In bestowing the certification on the Early Childhood Lab, the Arbor Day Foundation praised the school for taking “an important leadership role in a profoundly needed initiative to connect young children with nature, setting a wonderful example for education centers across the country.”
It was Janet Thompson, director of the lab school, who set things in motion several years ago. She was familiar with the Nature Explore Classroom program and thought the school, with its unique location, not to mention access to Arboretum resources, would be a perfect fit.
“We would share their commitment that nature is an integral part of education,” Thompson said of the program, “designing an outdoor space structured so that wherever the children look, there are invitations to engage with nature.”
And they did.
With $3,000 worth of materials from the Arbor Day Foundation to seed the project, they added a sand area bordered by large rocks, a reading hut and flagstone pathways through native grasses that three little girls one afternoon last week were wandering in, watering cans in hand.
There’s also a “bamboo forest” that serves a dual purpose: shielding the area from busy First Street on the north while also providing the children with a place to wander semi-privately, just one of the many prized components of a nature explore classroom.
“One of the things they ask for is private areas for children to explore,” Thompson said. “This gives them the illusion that they’re hidden.”
The “messy materials” area in the northwest corner features bamboo clippings, river rocks, tree stumps and other materials that children use to build their own little structures. A teepee was a recent project.

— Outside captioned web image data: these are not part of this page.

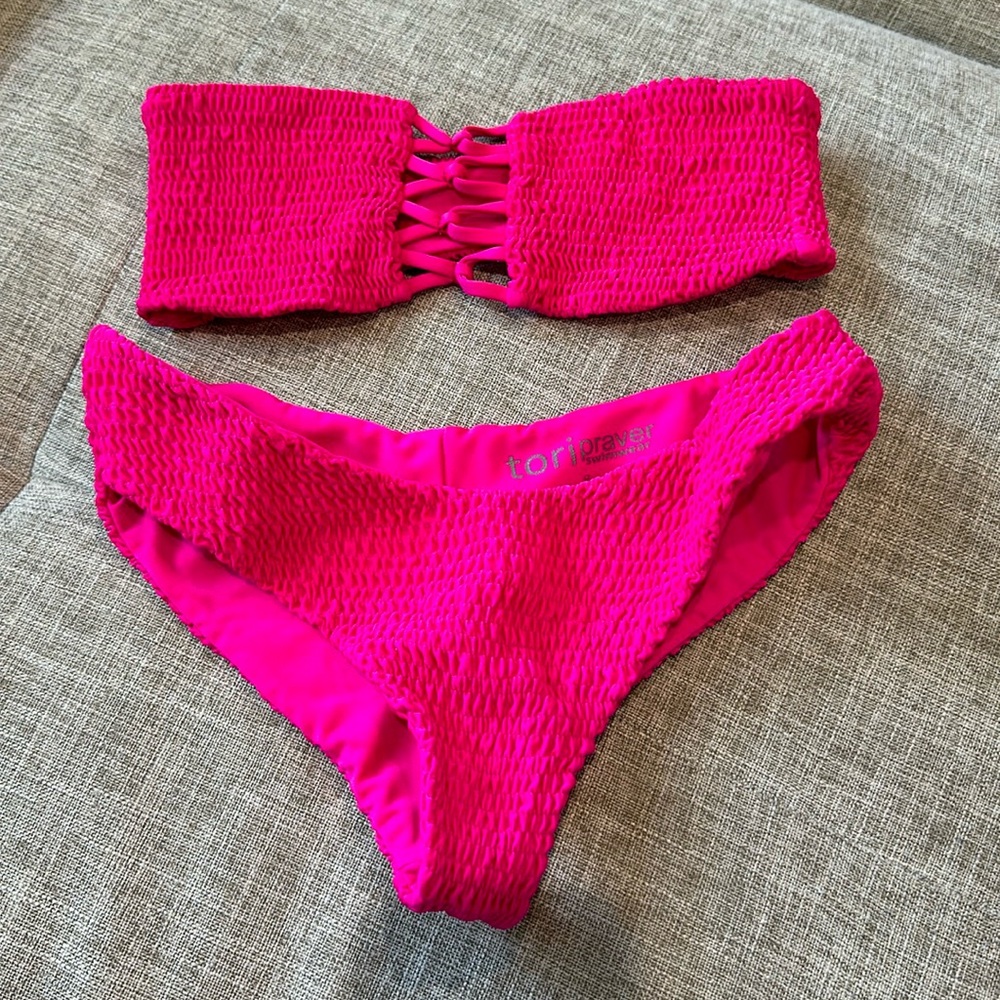 Tori praver swimwear set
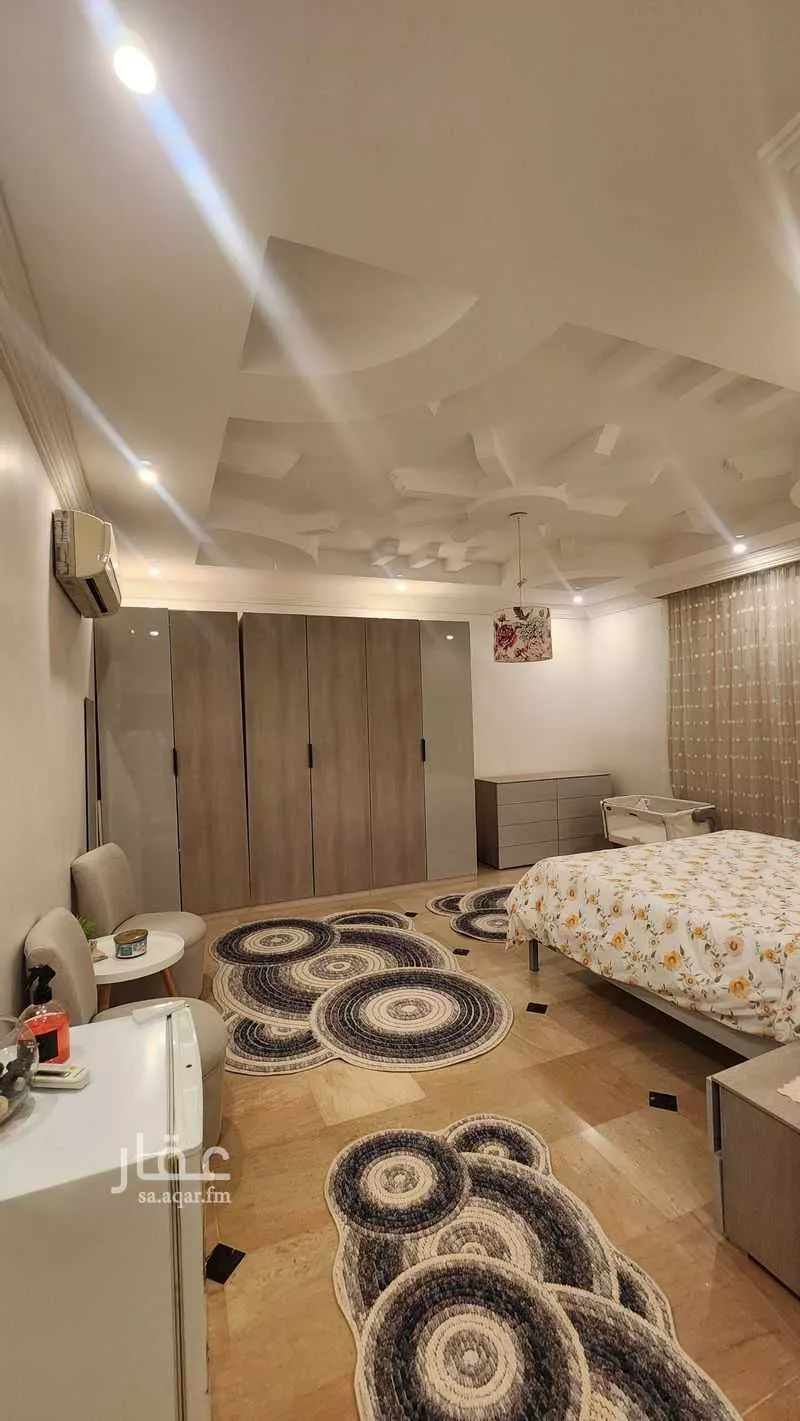 فيلا 6 غرف في النعيم 5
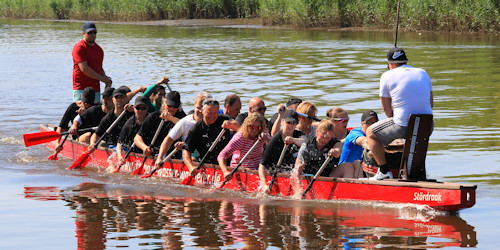 >Training für den Glückstädter Drachenboot-Cup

And because many of the materials are heavy, the children have to cooperate with each other in the building process.
“There’s lots of social problem-solving going on,” Thompson noted.
Outdoor time here is not the traditional “recess” of other schools; rather, it’s an extension of the learning that goes on indoors. Children themselves initiate activities while the many adults observe first, then engage.
One recent sunny afternoon, senior preschool program coordinator Kelly Twibell was assisting a trio of little girls with science buckets in hand who wanted to look under rocks for bugs and worms.
Many of these children, Thompson noted, don’t get many opportunities to explore nature like this. About half of them are children of UCD students and many live in student housing. Even many of the practicum students who work here are getting their first immersion in the natural world — something that pushes boundaries for a few.
“Some tend to be hesitant at first around bugs and bees and prickly things,” Thompson noted. “And when adults recoil, children tend to pick up on that.”
That’s why much of the learning that goes on here, she said, is about attitudes, and one of the many benefits “is that the lines between stereotypical ‘boy’ play and ‘girl’ play are blurred.
“They all run together, garden together,” she explained.
The Early Childhood Lab School has been at UCD in one form or another since around 1963.
It serves as a site for research involving young children, and provides an educational experience for students studying child development. The program enrolls 82 children: 10 infants, 12 toddlers and 60 preschoolers.
Each class is staffed by a head teacher, a program coordinator and a handful of undergraduate students enrolled in the Communication and Interaction with Young Children course.
“Officially,” Thompson noted, “the children are here for the benefit of the students.”
Unofficially, it is a very popular preschool, open not just to UCD families, but to the community at large.
Thompson says that despite their recent national certification, the outdoor learning area is still a work in progress. Blueprints drawn up by a landscape architect show many features yet to be added, from a wooden climbing structure around a central tree to a water-play area.
“We can renovate two areas a year within our budgetary constraints,” Thompson explained.
But so far, she’s thrilled with the results.
“I’m very happy with it. It’s a work in progress, but it’s fine for now and when we have more resources, we’ll move ahead.”